EnergyBiz: Given the recent cancellations of a lot of coal-fired plants, do you see a need to solve the problems with distributed generation on an accelerated basis?

Carlson: I don’t know if these things are solved with distributed generation. They’re solved with a combination of things. Demand side management is a big initiative and I think we can contribute to it if we can find a way for it to be more elegant, less of a slam-it-on, slam-it-off approach. We have got a lot of wind on the system. Wind seems to be the biggest play right now from an investment standpoint. It just presents a problem in whether it is going to be blowing when the demand is. So battery technologies are a big piece of it, or we’re expecting them to be a big piece of it down the road. Distributed generation is probably more of a vision as opposed to practical right now, from what we’re seeing.

Harkness: We’ll have enough time on the distributed generation side. I see us needing to be prepared for a combination of solutions. I think again PNM has a large investment on the wind side, but we’re also getting our feet wet on the solar side as well as the biomass side. I know we’ve been looking into more of the storage issues as well. We’re going to have time. I don’t see the industry making the same mistake it did before when everybody put all their eggs into the natural gas side of the house. You’re going to see a lot better diversification of sourcing on the generation side.

What will be the next great technological breakthrough?

Carlson: Meshing of the communications infrastructure in the most cost effective way to pull all this data together is critical. It’s still not a standard that we can just go pick off the shelf. Whether it’s a breakthrough, or whether it’s just somebody cobbling together what’s already there and then offering it so we’re not becoming telecom providers to ourselves is one. And the second is more of an automated, neural grid. It’s providing that data set to a decision maker and that’s why we get day-ahead and 12 hours, a real time model of interactive decision making.

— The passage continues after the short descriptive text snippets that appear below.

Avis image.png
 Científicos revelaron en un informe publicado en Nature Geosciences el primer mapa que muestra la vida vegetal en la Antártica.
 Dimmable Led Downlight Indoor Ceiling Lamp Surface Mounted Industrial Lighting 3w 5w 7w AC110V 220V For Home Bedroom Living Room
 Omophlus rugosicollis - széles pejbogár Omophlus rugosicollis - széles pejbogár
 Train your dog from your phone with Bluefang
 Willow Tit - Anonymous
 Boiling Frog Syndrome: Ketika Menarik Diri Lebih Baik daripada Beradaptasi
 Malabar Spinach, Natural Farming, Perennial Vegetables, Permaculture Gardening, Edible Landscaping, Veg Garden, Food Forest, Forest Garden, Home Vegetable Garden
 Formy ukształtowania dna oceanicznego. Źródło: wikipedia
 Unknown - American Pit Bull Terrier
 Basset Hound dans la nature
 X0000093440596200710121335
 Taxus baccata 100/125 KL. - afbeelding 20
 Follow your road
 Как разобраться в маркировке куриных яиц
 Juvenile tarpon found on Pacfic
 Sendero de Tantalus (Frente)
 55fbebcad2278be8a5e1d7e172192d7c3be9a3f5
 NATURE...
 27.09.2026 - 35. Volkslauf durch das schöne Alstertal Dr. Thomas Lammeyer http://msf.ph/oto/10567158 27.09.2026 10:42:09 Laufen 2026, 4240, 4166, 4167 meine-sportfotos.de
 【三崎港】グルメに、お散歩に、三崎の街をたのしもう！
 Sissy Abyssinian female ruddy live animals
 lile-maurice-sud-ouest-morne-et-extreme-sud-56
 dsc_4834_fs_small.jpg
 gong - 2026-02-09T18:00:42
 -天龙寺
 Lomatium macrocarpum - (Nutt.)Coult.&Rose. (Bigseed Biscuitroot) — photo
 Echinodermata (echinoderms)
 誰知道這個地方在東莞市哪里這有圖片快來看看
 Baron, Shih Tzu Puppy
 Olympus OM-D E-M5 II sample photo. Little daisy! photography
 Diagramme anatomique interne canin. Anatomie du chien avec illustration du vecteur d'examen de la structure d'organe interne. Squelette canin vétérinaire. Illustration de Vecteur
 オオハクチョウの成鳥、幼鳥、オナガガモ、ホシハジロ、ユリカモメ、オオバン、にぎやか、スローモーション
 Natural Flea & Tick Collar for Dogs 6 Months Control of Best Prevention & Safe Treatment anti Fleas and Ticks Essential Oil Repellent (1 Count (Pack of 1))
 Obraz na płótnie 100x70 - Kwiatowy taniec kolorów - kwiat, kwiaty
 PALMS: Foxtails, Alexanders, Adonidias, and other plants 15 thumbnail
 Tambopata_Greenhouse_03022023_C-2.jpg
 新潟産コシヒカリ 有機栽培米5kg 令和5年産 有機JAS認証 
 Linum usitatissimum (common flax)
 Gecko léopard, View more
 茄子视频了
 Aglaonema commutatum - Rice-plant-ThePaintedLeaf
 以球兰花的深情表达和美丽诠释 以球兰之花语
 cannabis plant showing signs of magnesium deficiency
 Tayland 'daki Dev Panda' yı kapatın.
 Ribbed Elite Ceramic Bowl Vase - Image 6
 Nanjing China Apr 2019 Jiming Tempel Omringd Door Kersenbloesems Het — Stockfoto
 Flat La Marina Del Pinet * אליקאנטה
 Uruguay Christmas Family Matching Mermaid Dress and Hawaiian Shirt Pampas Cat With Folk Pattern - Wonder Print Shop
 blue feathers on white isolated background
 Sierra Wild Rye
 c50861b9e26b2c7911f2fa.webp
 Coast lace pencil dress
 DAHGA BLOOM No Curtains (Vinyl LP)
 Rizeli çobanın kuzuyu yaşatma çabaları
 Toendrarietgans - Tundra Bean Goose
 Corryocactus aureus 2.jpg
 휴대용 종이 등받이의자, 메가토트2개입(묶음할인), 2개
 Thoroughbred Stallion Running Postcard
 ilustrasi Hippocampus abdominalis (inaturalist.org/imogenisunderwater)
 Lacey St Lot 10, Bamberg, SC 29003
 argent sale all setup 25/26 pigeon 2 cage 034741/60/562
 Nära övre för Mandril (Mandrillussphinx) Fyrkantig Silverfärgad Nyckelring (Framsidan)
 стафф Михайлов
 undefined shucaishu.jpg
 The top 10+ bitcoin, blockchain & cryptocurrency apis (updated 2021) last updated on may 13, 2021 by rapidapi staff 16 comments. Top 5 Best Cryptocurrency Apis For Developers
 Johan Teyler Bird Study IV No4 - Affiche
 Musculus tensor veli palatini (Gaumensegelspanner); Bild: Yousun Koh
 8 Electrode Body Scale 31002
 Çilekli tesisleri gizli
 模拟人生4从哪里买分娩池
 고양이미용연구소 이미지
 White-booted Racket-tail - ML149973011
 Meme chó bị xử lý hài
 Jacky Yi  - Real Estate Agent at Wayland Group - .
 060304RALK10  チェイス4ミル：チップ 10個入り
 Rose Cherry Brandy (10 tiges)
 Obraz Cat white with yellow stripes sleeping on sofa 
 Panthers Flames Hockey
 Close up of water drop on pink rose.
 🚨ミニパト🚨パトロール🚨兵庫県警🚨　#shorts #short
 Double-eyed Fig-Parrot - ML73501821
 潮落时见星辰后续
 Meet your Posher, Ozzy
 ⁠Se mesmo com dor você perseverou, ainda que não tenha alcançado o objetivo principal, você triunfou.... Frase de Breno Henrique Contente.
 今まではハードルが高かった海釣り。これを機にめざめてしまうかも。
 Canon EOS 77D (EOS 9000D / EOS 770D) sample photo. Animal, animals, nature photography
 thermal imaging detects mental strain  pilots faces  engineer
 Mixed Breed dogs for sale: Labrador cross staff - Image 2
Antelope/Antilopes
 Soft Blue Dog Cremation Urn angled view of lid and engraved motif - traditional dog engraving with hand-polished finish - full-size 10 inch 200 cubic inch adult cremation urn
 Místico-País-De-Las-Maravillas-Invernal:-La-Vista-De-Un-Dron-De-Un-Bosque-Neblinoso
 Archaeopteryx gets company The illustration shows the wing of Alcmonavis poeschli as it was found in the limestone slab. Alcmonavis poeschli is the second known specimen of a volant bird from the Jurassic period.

Bremer: I’d start with communications. When I look at the main pain points of my budget right now and the drivers for work, communication is clearly number one. And that not just from the mobile workforce, but as we build out the AMI types of capabilities and SCADAs and we’re worried about security and real time data and not losing data. That’s going to continue to be a problem, especially in the rural areas where you don’t really have a strong backbone by the current providers. We need to be able to get more flexibility in our applications and the ability to do upgrades and additions and modifications without taking entire systems down. We’re so tied together today to try to get the efficiencies on the end processes that if you want to do anything to any piece of the system, it almost feels like you have to get the entire company to agree to let you take a system out of service.